Nixon Kibet Bore v Republic [2019] KEHC 1427 (KLR) | Assault Causing Actual Bodily Harm | Esheria

Nixon Kibet Bore v Republic [2019] KEHC 1427 (KLR)

Full Case Text

REPUBLIC OF KENYA

IN THE HIGH COURT OF KENYA AT KERICHO

CRIMINAL APPEAL NO.13 OF 2018

(Being an appeal from the decision and sentence by Hon. S. Mokua (CM) in Kericho S. O. No.86 of 2016)

NIXON KIBET BORE......................APPELLANT

VERSUS

REPUBLIC.....................................RESPONDENT

JUDGMENT

1. The appellant was charged in the subordinate court at Kericho with assault causing actual bodily harm contrary to section 251 of the Penal Code, The particulars of the offence being that on 25th July 2018 at Kiptaldal village, Waldai location in Belgut sub-county, within Kericho County unlawfully assaulted Daniel Koech thereby occasioning him actual bodily harm.

2. He was recorded as having pleaded guilty to the charge and was sentenced to serve five (5) years imprisonment. He has now come to this court on appeal on the following grounds-

1. That the sentence of 5 years imprisonment be replaced by a non-custodial sentence.

2. That the complainant wanted to withdraw the case but he came late after the appellant had pleaded guilty.

3. That he was the sole breadwinner in his family of 7 children.

4. That he was a first offender and regretted committing the offence.

5. That he was not given a chance to explain himself during plea.

3. The appellant also filed written submissions, which I have perused and considered. At the hearing of the appeal, the appellant relied on the written submissions and elected not to highlight the same.

4. Mr. Ayodo the learned Assistant Director of Public Prosecutions opposed the appeal and submitted that the plea of guilty was unequivocal. The appellant was also given a chance to mitigate but he elected to keep quiet. Since the sentence was the legal sentence, the appeal should be dismissed as the mitigation in this appellate court is an afterthought.

5. In response, the appellant reiterated that the complainant was willing to forgive him before he appealed.

6. I have perused the record of the trial court and considered the grounds of appeal and submissions of the appellant and the State. In my view, the conviction of the appellant on a plea of guilty was proper, as the plea was unequivocal.

7. On sentence, the appellant was a first offender, as the prosecution said so. The appellant in mitigation said nothing, and was imprisoned for 5 years. He has now raised several mitigating factors in his grounds of appeal, which he should have raised in the trial court. In my view, those mitigation grounds not having been raised at the trial court should not on a general rule be raised on appeal, as they are not new developments.

8. However, though sentencing is an exercise of discretion by a trial court, I note that the trial court did not in sentencing even take into account that the appellant pleaded guilty and did not waste court’s time, and secondly, that he was a first offender.

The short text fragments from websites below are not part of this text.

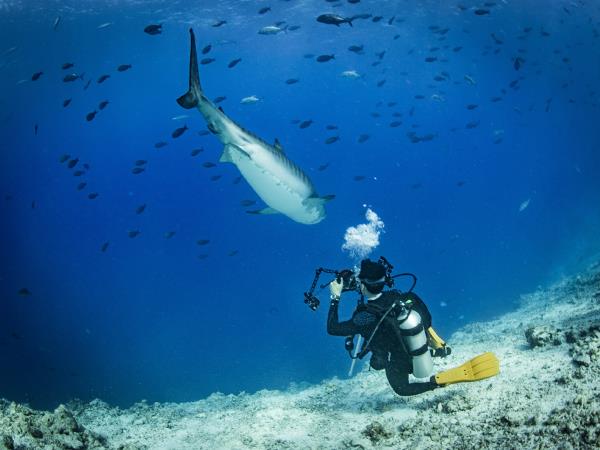 Maldives scuba diving vacation
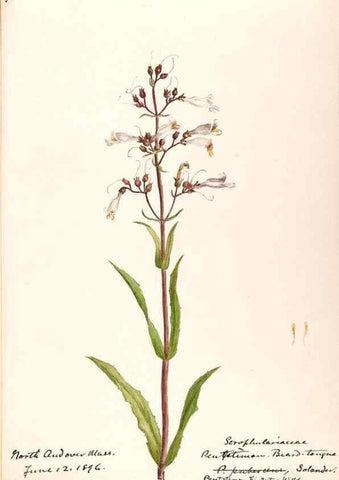Reproducción/Reproduction 48788878293: [Water-color sketches of plants of North America and Europe]. . 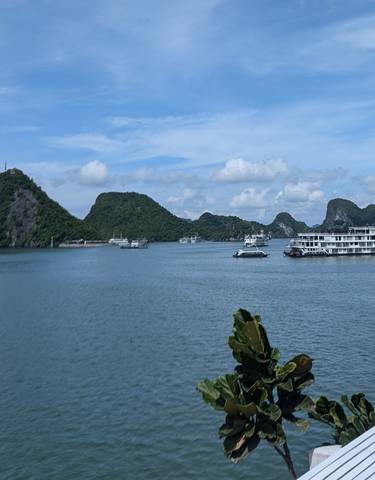 Boats in a bay with limestone cliffs.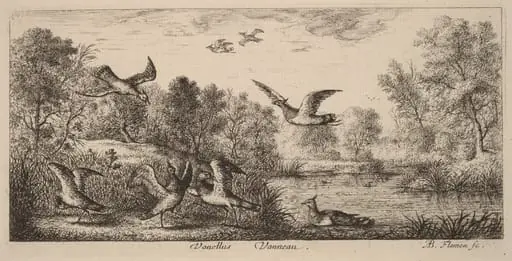 Vanellus, The Lapwing, by Albert Flamen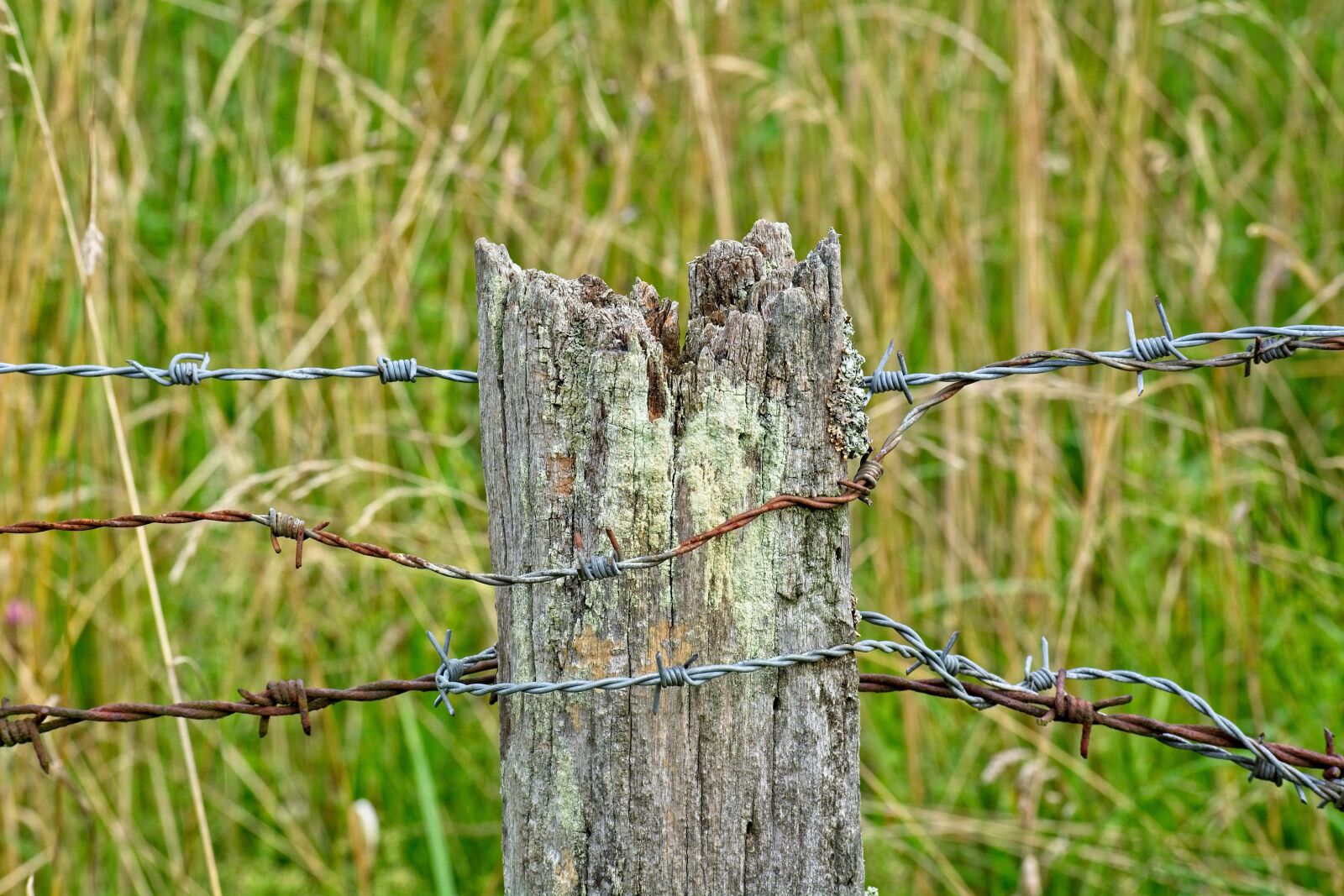 Nikon D7100 sample photo. Barbed wire, post, old photography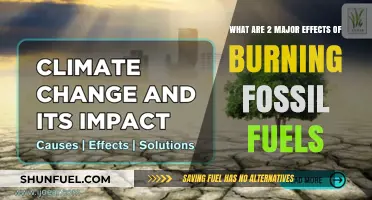 Fossil Fuel Burning: Two Devastating Impacts on Our Planet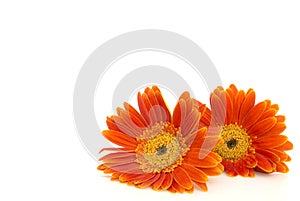 Orange gerbera daisy (transvaal) flowers closeup.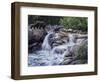 Entiat Falls-Grizzly Family-Jeff Tift-Framed Giclee Print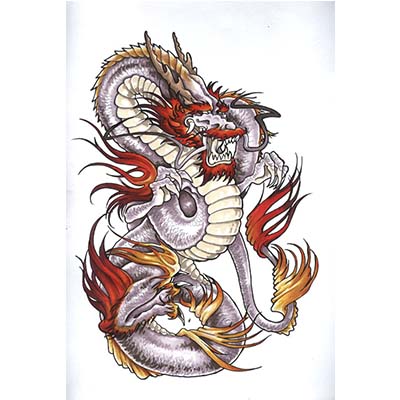 Colored Dragon On White Background Design Water Transfer Temporary Tattoo(fake Tattoo) Stickers NO.11140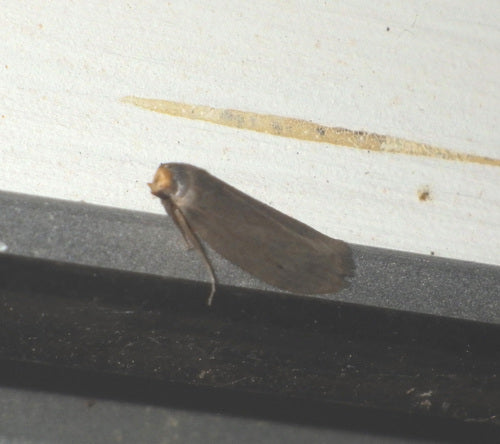 Kleine wasmot — Bild 2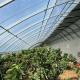 US Currency Commercial Tomato Planting Sunlight Greenhouse for Optimal Crop Production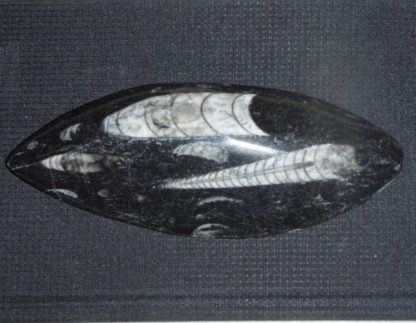 orthoceras fossil from rockhoundz.com.au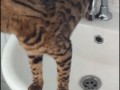 gifs_02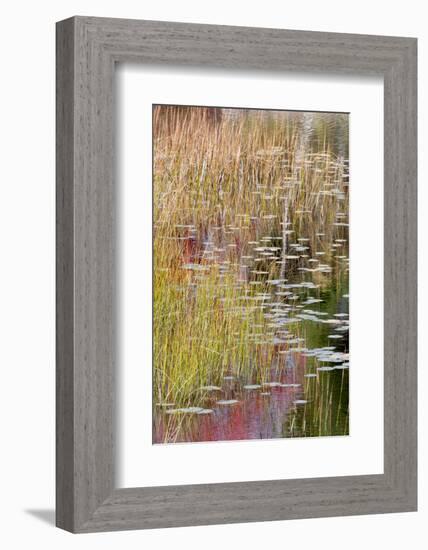 USA, Maine. Grasses and lily pads on New Mills Meadow Pond, Acadia National Park.-Judith Zimmerman-Framed Photographic Print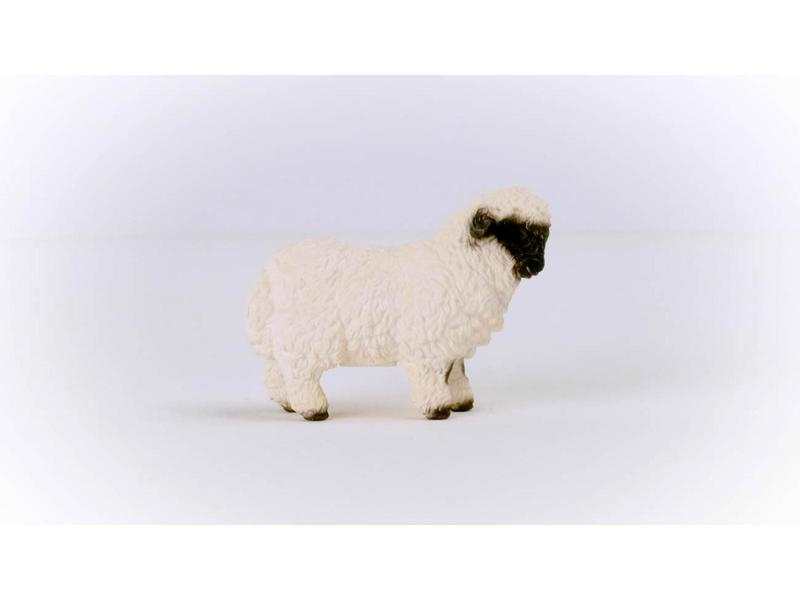 Mouton Nez Noir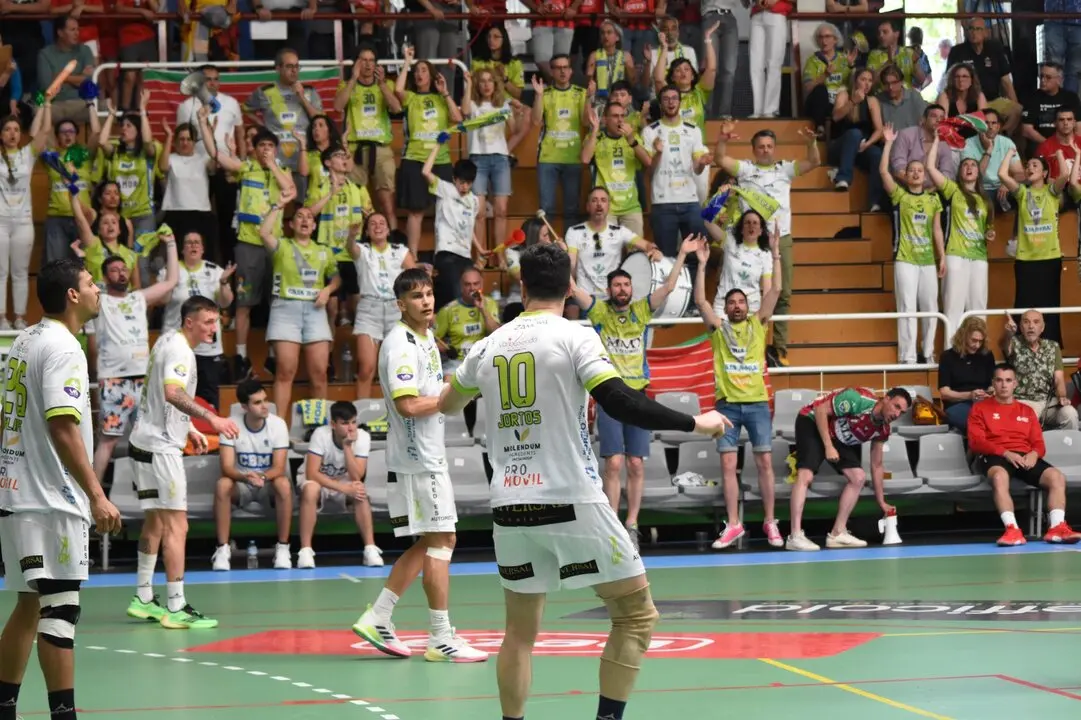 bm zamora fase ascenso (20)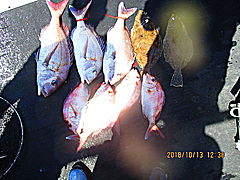 遊漁船 未紗奈 釣果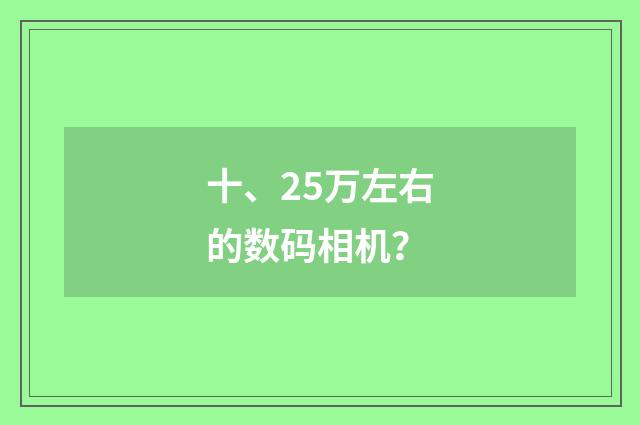 十、25万左右的数码相机？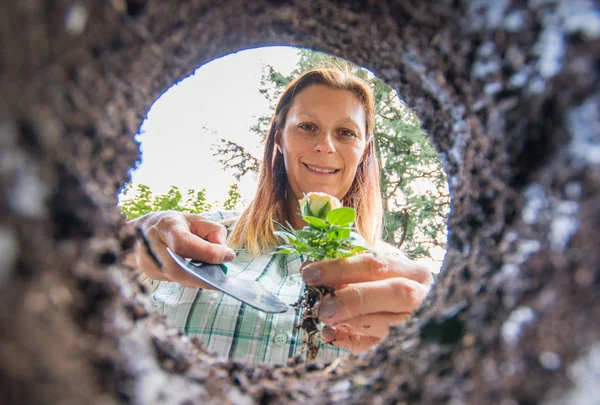 Женщина сажает цветы в землю — стоковое фото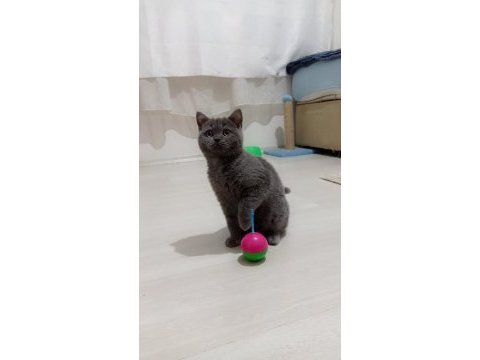 Akıllı ve uygun british shorthair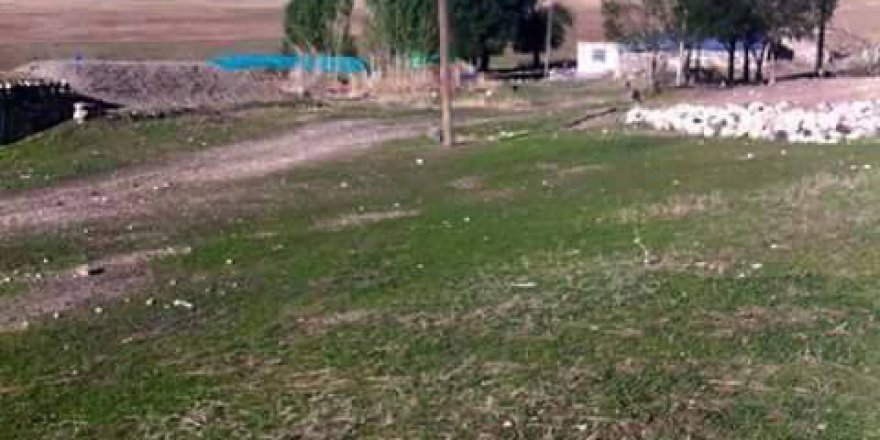 Malazgirt Doğantaş Köyü Resimleri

That omission in my view influenced the trial court in handing down the maximum sentence of 5 years imprisonment. I appreciate that the appellant displayed a lot of violence on his father by cutting him with a machete on his head therefore a non-custodial sentence cannot be appropriate. Though a non-custodial sentence is not appropriate, I am of the view that a sentence of 3 years imprisonment would be adequate punishment, seeing that the appellant was a first offender and pleaded guilty to the charge.

9. I thus will allow this appeal only on account of sentence. I uphold the conviction. With regard to sentence, I set aside sentence imposed by the trial court and instead order that the appellant will serve three (3) years imprisonment from the date he was sentenced by the trial court.

Dated and Delivered at Kericho this 10th December 2019.